===== DATA RECORDS =====

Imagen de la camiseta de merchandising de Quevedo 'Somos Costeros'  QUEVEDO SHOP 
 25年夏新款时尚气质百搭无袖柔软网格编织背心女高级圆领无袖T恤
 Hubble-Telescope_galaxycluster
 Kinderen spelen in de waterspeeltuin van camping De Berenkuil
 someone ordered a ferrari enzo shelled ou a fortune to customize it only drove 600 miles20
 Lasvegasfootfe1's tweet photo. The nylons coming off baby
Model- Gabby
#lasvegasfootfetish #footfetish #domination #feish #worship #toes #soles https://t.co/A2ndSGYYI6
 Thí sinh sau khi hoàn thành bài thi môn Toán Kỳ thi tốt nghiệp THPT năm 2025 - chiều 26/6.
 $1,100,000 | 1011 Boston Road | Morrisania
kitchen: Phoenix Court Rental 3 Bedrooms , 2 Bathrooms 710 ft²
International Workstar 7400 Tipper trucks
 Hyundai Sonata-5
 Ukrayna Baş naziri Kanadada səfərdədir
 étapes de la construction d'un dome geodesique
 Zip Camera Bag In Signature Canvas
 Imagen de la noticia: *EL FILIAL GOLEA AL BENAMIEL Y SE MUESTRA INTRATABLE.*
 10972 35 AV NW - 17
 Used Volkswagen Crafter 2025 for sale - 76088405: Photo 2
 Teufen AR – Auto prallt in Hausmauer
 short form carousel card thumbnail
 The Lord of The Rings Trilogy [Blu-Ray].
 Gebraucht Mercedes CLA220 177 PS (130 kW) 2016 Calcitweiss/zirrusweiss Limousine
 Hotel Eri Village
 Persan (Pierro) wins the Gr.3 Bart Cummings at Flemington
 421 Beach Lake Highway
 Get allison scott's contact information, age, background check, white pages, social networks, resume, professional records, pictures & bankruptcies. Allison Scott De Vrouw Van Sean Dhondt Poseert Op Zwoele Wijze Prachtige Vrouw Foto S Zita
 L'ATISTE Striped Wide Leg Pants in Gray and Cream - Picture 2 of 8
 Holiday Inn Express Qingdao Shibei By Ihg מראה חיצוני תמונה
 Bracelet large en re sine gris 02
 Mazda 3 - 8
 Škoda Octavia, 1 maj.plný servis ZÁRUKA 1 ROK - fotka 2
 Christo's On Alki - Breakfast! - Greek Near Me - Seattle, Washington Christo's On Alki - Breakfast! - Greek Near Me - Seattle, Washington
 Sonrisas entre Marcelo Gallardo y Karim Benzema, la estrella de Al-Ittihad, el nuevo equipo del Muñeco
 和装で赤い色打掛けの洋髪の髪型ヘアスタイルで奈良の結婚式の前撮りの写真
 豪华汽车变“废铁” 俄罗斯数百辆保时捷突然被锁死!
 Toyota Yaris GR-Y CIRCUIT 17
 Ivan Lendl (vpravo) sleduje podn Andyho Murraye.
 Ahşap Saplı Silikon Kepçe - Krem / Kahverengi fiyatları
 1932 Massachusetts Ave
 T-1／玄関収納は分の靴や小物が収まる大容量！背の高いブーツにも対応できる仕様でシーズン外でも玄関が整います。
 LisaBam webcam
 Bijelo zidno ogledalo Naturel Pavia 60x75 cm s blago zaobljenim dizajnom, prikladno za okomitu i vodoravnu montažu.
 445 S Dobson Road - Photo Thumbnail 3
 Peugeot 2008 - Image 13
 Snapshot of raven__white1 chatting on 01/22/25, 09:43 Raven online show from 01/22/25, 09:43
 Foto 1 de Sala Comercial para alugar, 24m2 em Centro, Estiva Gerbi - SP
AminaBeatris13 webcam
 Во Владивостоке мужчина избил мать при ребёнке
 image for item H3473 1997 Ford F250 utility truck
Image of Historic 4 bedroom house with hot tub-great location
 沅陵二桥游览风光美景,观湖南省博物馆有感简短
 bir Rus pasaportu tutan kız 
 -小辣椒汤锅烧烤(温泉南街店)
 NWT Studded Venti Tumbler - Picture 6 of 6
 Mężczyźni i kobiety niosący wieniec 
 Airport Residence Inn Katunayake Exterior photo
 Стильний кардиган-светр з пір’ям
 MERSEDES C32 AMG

=====

# WHAT THE TASK ASKS
What you give back should be exactly the lines of the data above from the line with "Sonrisas entre Marcelo" through the line with "1932 Massachusetts Ave", both of those included, and nothing more.

# SOLVED PROBLEM
 Sonrisas entre Marcelo Gallardo y Karim Benzema, la estrella de Al-Ittihad, el nuevo equipo del Muñeco
 和装で赤い色打掛けの洋髪の髪型ヘアスタイルで奈良の結婚式の前撮りの写真
 豪华汽车变“废铁” 俄罗斯数百辆保时捷突然被锁死!
 Toyota Yaris GR-Y CIRCUIT 17
 Ivan Lendl (vpravo) sleduje podn Andyho Murraye.
 Ahşap Saplı Silikon Kepçe - Krem / Kahverengi fiyatları
 1932 Massachusetts Ave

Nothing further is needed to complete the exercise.